*Available records*
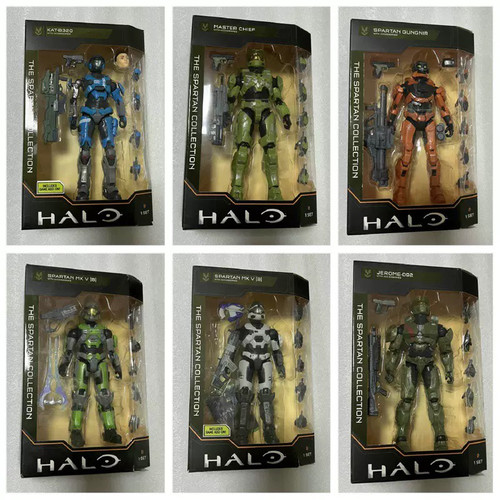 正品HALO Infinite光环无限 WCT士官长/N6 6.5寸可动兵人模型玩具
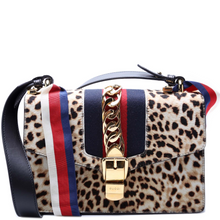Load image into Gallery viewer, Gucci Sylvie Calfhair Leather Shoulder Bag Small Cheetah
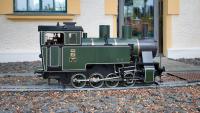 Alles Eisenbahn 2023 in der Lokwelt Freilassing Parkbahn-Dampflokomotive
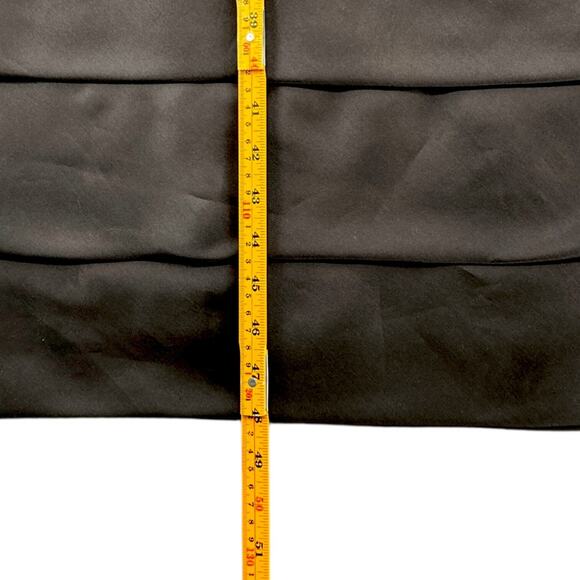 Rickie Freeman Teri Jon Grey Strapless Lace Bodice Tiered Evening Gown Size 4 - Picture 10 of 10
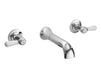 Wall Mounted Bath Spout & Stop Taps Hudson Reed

==

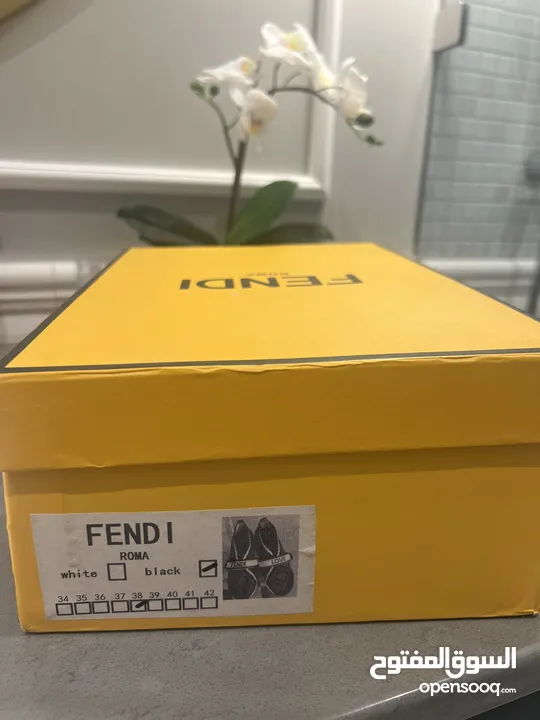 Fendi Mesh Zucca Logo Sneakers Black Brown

*Assigned task*
Find the line with "Rickie Freeman Teri" in the data above, and from there retype each line exactly through the line with "Wall Mounted Bath", skipping the pictures along the way.

*Answer box*
 Rickie Freeman Teri Jon Grey Strapless Lace Bodice Tiered Evening Gown Size 4 - Picture 10 of 10
 Wall Mounted Bath Spout & Stop Taps Hudson Reed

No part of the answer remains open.